Au-delà, la Wallonie devra définir un certain nombre d’éco-régimes: il s’agit de pratiques que les agriculteurs pourront appliquer volontairement pour répondre à des objectifs environnementaux et climatiques et auxquelles la Wallonie doit consacrer au moins 25% du budget qui lui est alloué pour les paiements directs. Il est essentiel que ces mesures volontaires soient accessibles et praticables pour que l’ensemble des agriculteurs wallons puissent pleinement s’impliquer dans la lutte contre le réchauffement climatique.

Pour que ces mesures soient adoptées par le plus grand nombre de nos exploitations wallonnes, permettant ainsi l’application des mesures sur l’ensemble du territoire wallon, il est indispensable que les efforts consentis par les agriculteurs soient récompensés dès le départ. Soutenir tous les agriculteurs dans cette dynamique, dès lors qu’ils appliquent les mesures disponibles, c’est s’assurer de l’adhésion du plus grand nombre et d’une large couverture de notre territoire.

 

Tertio, les mesures proposées doivent être ambitieuses.

Pour que le secteur agricole puisse peser dans le combat climatique, les mesures proposées doivent combiner trois ambitions. Elles doivent être applicables et réalistes sur le plan agronomique et pouvoir s’intégrer dans une rotation culturale. Pour la FWA, la durabilité de la production agricole est multi-facette et la durabilité agronomique en fait complètement partie. Les agriculteurs doivent pouvoir s’emparer des mesures proposées et les concrétiser tout en étant en capacité de poursuivre leur rôle de production alimentaire en quantité et en qualité pour nos concitoyens. Ces mesures doivent être cohérentes avec le cadre réglementaire fixé pour l’agriculture par ailleurs. Les mesures doivent avoir un impact lisible : les agriculteurs veulent être des acteurs du combat climatique, mais pour cela ils doivent être accompagnés et pouvoir choisir les mesures les plus adaptées au profil de leur exploitation et aux objectifs à atteindre.
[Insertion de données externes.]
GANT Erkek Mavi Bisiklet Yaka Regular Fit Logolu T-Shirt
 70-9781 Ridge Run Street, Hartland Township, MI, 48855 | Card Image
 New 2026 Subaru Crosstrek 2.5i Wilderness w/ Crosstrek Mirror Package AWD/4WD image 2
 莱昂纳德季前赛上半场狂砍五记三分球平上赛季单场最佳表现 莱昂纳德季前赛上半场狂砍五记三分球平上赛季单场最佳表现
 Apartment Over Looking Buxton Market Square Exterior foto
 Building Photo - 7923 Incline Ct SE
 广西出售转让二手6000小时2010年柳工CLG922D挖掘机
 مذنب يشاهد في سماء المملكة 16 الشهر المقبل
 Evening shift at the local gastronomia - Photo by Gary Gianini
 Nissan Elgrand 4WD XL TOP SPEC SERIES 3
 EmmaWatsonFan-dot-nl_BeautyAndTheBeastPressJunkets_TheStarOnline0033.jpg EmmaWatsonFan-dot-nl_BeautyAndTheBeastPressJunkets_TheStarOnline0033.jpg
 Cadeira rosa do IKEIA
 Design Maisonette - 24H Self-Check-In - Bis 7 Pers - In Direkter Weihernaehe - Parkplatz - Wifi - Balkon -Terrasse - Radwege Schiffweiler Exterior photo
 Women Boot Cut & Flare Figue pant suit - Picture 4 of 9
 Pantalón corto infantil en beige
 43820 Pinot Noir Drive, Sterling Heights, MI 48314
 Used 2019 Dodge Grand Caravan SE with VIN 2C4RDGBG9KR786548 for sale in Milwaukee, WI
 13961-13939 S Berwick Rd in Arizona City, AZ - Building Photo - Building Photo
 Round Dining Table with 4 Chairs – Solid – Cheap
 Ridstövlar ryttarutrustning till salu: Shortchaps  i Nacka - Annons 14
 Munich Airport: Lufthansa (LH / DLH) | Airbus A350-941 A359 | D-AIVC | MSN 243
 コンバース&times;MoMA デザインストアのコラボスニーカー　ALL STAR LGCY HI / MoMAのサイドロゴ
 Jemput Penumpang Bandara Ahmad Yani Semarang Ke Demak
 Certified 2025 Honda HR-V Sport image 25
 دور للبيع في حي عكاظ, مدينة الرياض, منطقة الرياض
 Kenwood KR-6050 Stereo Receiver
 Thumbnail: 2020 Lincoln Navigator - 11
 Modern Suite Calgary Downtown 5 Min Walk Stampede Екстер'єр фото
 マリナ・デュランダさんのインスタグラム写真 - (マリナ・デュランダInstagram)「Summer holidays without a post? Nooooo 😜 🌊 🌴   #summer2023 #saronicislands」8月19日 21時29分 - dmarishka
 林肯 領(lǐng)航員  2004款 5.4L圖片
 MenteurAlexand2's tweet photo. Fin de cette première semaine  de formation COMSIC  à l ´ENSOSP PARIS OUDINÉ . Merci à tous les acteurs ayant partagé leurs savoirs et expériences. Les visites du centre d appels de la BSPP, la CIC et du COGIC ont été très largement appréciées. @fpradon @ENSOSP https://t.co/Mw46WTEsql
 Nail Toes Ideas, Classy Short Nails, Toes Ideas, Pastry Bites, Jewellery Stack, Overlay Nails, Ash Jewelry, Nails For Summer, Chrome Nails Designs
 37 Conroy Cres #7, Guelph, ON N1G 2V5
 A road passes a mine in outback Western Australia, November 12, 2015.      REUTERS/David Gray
Enfin, ces mesures devront être évaluées en cours de programmation. Il est important de s’assurer, tout au long de la période, de l’adhésion des agriculteurs aux mesures volontaires proposées, et autant que possible, de l’efficacité de celles-ci pour atteindre les objectifs poursuivis.

Ces mesures étant volontaires, un niveau élevé d’adhésion des agriculteurs à celles-ci sera un indicateur de leur bonne conception. A cet égard, de véritables choix politiques peuvent être posés : veut-on des mesures spectaculaires sur le plan environnemental, mais mises en œuvre par un nombre restreint de producteurs sur de faibles portions du territoire, affaiblissant au passage l’objectif de maillage écologique ? Ou plutôt des mesures accessibles appliquées par un grand nombre de producteurs couvrant une bonne partie du territoire et provoquant un véritable effet de levier renforçant les actions déjà menées par les agriculteurs ?

Le monde agricole est prêt à prendre sa part dans la lutte contre les dérèglements climatiques, il se veut acteur de solutions, mais dans un cadre bien concerté, réaliste et cohérent. Et pas avec des objectifs plus politiques que scientifiques et des mesures guidées par l’idéologie plutôt que par la réalité des exploitations.